Springtime in the food universe is best known for “young” vegetables such as squash blossoms, baby kale, and peas (just to name a few). This means the farmer’s market is a very exciting scene right around this time of year. I for one power walked through the masses with my tote bag and bee-lined for the vendor I knew would have the freshest squash blossoms. Low and behold, it wasn’t the squash blossoms I went home with, but the mulberries!
Mulberries might not seem like anything to get worked up over, and most people don’t even know what they look like. Me included until last week if I’m being honest. Their flavor is a lot more delicate than the tang of a blackberry, with some of the floral notes of a blueberry. Basically if a blueberry and a raspberry had a baby, it would be the mulberry. All you really need to know is that they taste amazing in scones.

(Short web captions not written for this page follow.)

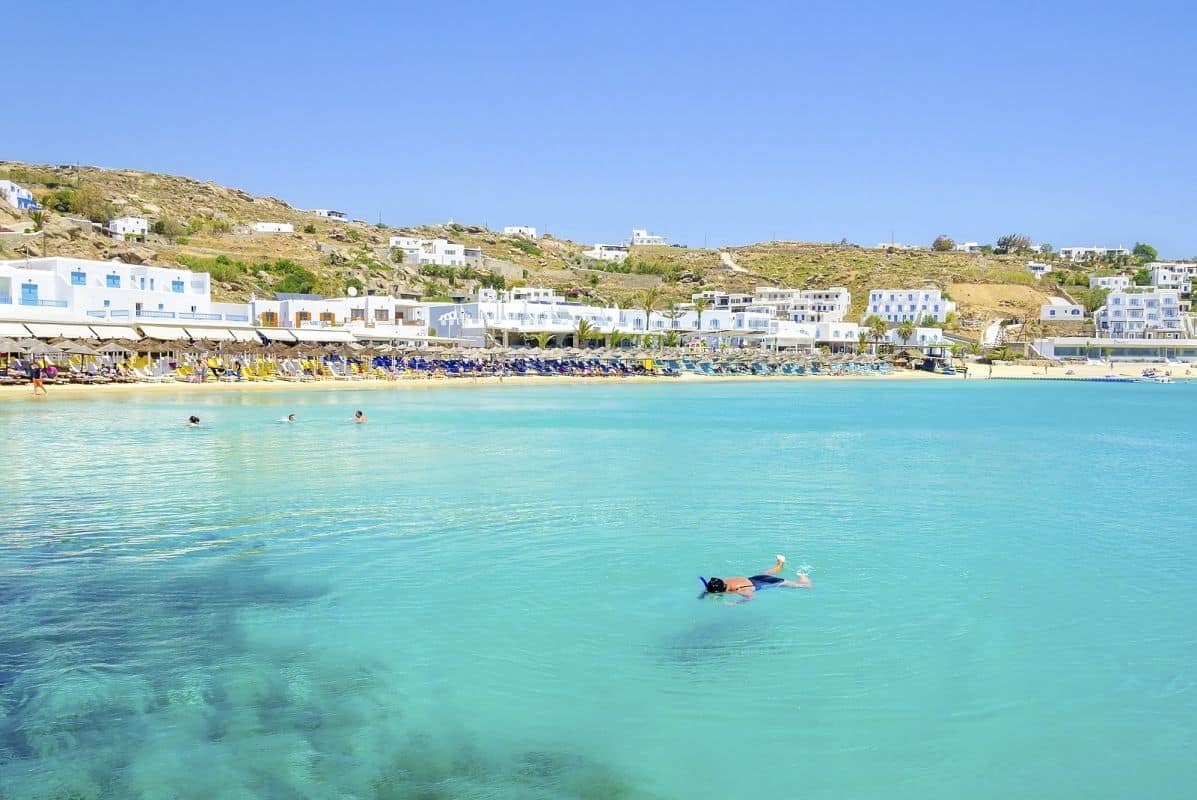 Mykonos snorkelen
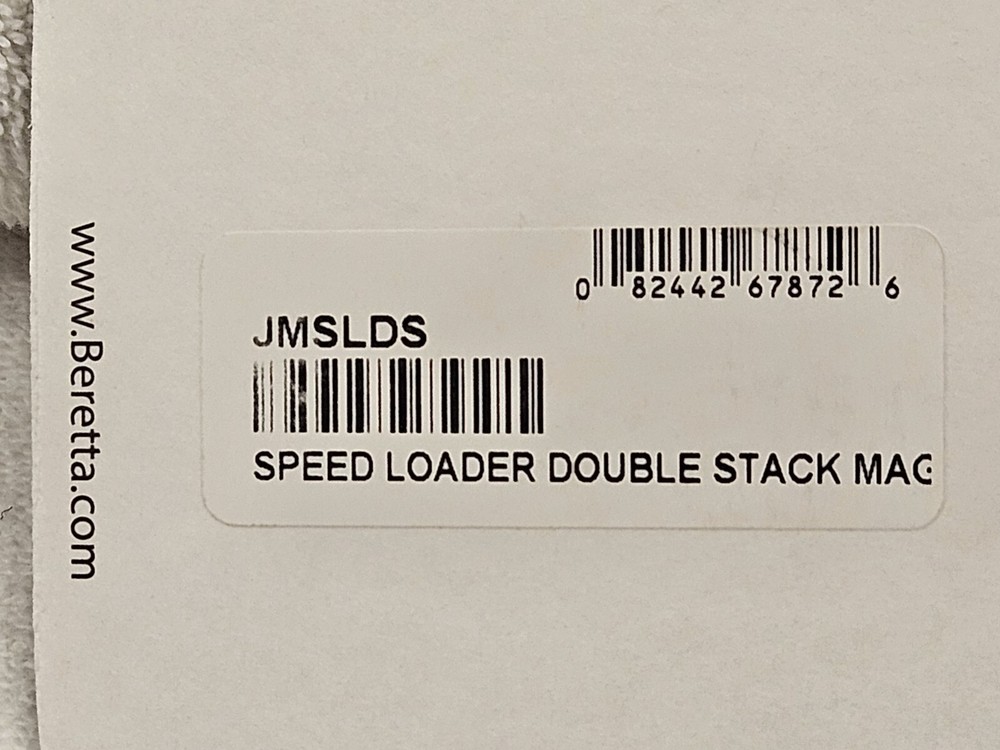 Beretta 92 Speed Loader Double Stack Magazine. OEM. JMSLDS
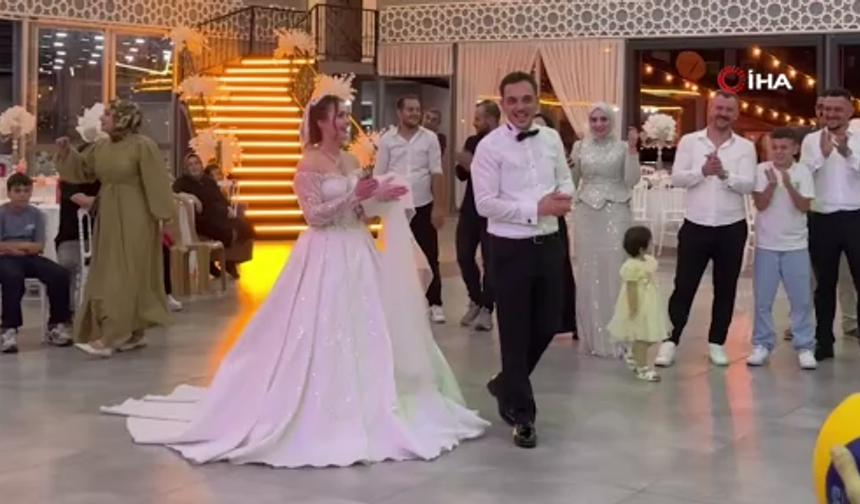 Böyle düğün ancak Rize’de olur
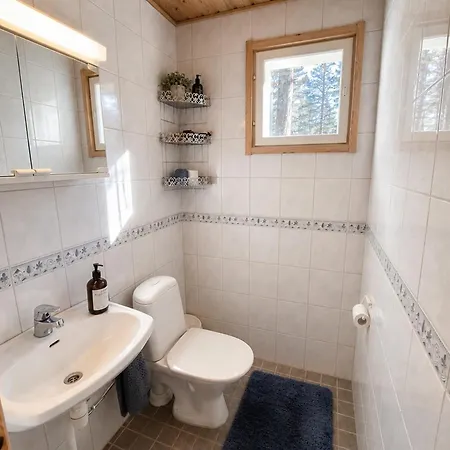 Riekonpesae Incl Service Room, Sauna, Wifi,fireplace, Firewood, Chalet Äkäslompolo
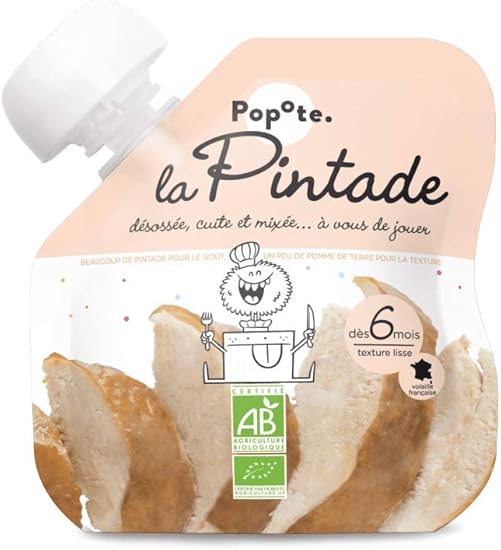 Popote Presente Bio La Pintade Gourde De Viandes Pour Bebe Des 6 Mois Texture Lisse 60 G Amazon Fr Epicerie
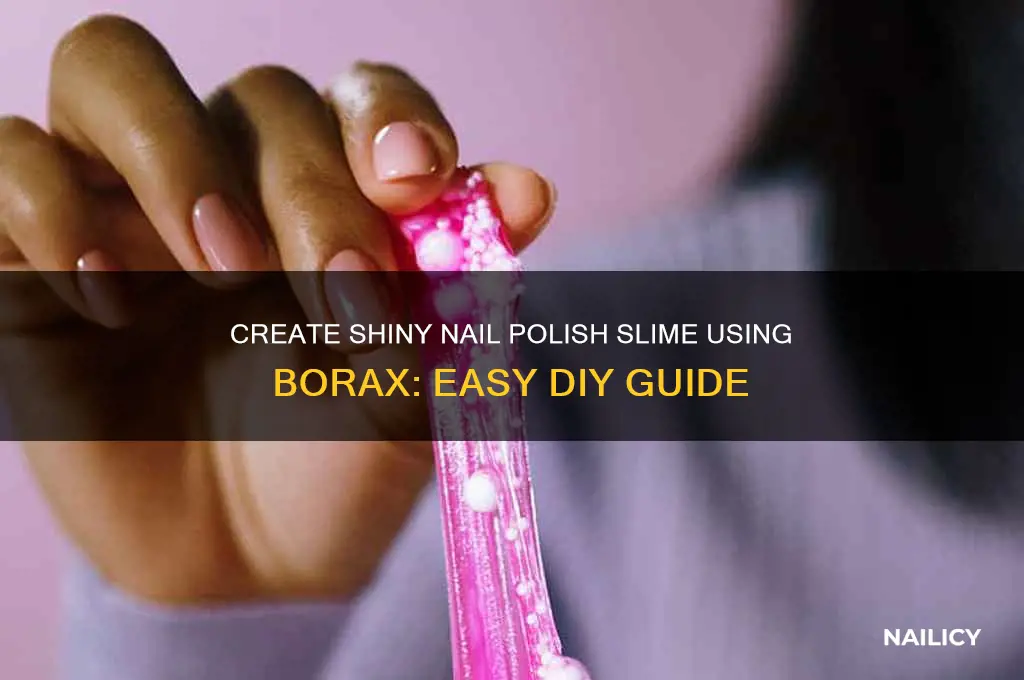 how to make nail polish slime with borax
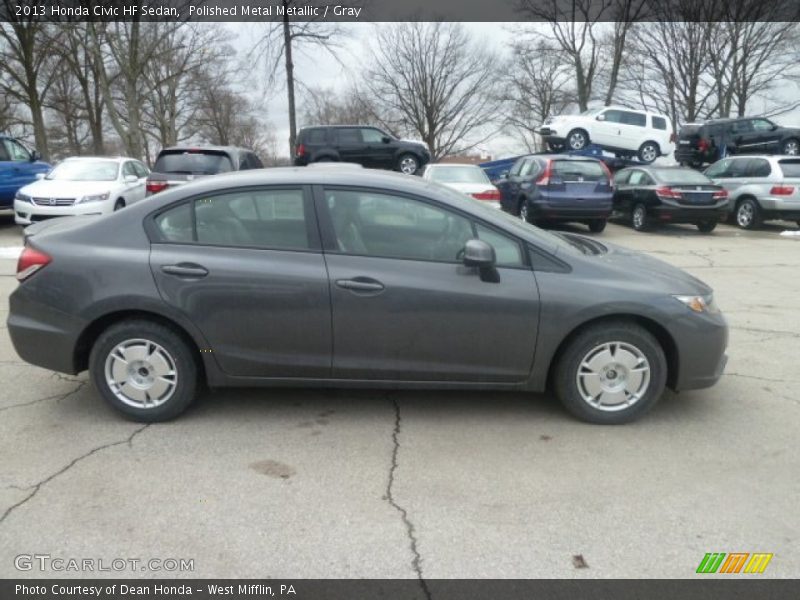 Polished Metal Metallic / Gray 2013 Honda Civic HF Sedan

Makes 9-12 scones depending on how you cut them.
Ingredients:
- 4 3/4 cups flour
- 1 cup + 1 tbsp cold butter (unsalted)
- 3/4 cup sugar
- 1 1/2 cups buttermilk
- 1 tbsp baking powder
- 2 tsp baking soda
- 1 tsp salt
- 1 cup mulberries (you can estimate this)
- 1 egg
- turbinado sugar (for dusting)
Kitchen Tools: baking sheet, parchment paper, colander, whisk, pastry brush, pastry blender (optional)
Prep Work:
Chunk up your butter into about 1/2″ cubes. Place in a bowl in the freezer. Lightly rinse your mulberries in a colander and carefully pay dry with paper towels. Remove mulberry stems and discard. Use scissors or a knife to cut mulberries into 1/2″ long sections.
Cooking:
Preheat your oven to 400*F. Combine flour, baking powder, baking soda, sugar and salt in a mixing bowl. Whisk until fully combined. Take out your butter and incorporate it into the dry ingredients using a pastry blender or by breaking up the cubes with your hands until the butter is in pea-sized chunks and evenly distributed through out the mixture. (If doing this by hand, give yourself a solid 10 minutes to complete this part).
Fold in mulberries and pour in the buttermilk. Stir with a wooden spoon until the dough sticks together when pressed between your hands but still looks a little dry. If dough doesn’t stick together, add buttermilk 1 tbsp at a time until it does.
Flour a work surface and dump out your dough onto it. Use your hands to shape the dough into about a 1″ thick rectangle. Slice down the middle on the short side twice to create three equal sized thinner rectangles. Cut each of these into three triangles.
Place parchment paper on baking sheet and set scones on parchment about 1-2 inches apart. Whisk egg in a small bowl and use a pastry brush to brush the tops of the scones. Sprinkle with turbinado sugar. Bake for 20-25 minutes until tops of scones are just starting to get light brown. Serve with jam and fresh butter.
Tips + Tricks:
- You can replace mulberries with any other berries that suit your fancy
- I really recommend a pastry blender to incorporate the butter. Using your hands sounds great in theory but it can seriously take forever.
- How you cut the scones is up to you. As long as they’re about an inch or so thick the shape is entirely up to you!